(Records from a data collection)

━━━━━━━━━━

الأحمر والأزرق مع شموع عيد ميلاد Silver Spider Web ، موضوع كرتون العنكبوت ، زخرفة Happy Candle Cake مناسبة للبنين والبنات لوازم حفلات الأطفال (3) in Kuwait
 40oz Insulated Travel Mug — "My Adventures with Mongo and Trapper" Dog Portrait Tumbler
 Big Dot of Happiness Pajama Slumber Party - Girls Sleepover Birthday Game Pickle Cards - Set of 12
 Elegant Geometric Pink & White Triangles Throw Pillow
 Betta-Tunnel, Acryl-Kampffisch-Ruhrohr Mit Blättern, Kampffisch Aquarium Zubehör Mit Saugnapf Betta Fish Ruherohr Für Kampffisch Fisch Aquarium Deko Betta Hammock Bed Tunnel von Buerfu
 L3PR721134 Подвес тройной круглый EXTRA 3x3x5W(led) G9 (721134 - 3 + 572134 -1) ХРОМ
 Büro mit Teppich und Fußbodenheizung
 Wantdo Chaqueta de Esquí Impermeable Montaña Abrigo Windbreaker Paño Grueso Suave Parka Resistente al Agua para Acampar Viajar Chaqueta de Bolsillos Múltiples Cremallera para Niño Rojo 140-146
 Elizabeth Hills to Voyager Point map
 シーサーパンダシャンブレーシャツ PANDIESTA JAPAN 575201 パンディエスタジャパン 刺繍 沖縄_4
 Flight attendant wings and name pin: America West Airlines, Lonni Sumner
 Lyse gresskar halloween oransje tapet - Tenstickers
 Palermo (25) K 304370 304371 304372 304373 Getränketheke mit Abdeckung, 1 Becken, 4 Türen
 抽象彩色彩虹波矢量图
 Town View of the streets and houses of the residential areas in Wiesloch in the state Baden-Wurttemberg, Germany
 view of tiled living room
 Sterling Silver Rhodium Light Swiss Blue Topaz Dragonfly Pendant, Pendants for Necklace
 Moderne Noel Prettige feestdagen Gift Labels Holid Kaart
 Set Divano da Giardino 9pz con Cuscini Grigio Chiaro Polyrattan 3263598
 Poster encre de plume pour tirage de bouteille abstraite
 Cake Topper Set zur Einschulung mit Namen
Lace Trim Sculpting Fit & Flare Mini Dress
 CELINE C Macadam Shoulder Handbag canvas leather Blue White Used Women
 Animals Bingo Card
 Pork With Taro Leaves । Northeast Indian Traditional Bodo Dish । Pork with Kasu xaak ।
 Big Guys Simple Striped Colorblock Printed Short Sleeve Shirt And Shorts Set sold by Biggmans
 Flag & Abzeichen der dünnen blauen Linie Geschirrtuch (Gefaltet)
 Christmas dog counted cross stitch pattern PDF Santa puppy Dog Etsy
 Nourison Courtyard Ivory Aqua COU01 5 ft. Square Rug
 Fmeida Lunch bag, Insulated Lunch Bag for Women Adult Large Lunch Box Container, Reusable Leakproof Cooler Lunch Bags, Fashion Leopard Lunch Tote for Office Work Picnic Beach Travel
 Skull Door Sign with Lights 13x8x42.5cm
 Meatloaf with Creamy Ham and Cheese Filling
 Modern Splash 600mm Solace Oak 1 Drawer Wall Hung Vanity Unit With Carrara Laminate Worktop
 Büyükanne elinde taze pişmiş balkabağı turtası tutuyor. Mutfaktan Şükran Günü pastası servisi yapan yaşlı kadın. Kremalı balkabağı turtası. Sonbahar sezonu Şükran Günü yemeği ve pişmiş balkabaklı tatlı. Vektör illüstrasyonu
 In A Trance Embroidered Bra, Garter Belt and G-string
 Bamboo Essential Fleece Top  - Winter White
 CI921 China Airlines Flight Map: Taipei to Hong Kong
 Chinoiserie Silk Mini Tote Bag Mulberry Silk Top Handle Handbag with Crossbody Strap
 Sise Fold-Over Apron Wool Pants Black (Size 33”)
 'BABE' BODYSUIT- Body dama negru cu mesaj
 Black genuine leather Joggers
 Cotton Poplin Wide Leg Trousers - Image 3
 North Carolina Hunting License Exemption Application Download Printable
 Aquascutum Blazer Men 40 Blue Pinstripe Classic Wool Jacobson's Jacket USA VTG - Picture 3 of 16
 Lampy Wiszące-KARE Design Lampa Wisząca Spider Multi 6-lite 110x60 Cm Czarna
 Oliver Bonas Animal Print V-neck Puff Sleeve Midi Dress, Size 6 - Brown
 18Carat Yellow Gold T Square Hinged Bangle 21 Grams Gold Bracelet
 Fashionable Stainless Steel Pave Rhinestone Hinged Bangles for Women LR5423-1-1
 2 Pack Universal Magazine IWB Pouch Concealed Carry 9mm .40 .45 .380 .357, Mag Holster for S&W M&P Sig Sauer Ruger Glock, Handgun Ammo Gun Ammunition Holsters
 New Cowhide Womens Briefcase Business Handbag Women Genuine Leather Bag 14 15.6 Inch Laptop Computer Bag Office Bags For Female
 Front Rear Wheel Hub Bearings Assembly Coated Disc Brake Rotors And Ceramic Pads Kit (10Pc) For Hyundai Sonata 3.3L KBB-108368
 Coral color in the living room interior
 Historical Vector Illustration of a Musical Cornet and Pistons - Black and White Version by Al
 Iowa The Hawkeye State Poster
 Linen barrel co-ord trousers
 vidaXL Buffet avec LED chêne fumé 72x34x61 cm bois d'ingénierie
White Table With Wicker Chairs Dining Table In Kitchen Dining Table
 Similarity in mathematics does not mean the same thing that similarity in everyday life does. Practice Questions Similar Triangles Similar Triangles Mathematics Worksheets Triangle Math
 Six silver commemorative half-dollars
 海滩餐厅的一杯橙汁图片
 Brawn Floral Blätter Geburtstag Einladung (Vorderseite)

━━━━━━━━━━

State the number of lines above that contain "Sleeve". Write nothing besides it.

2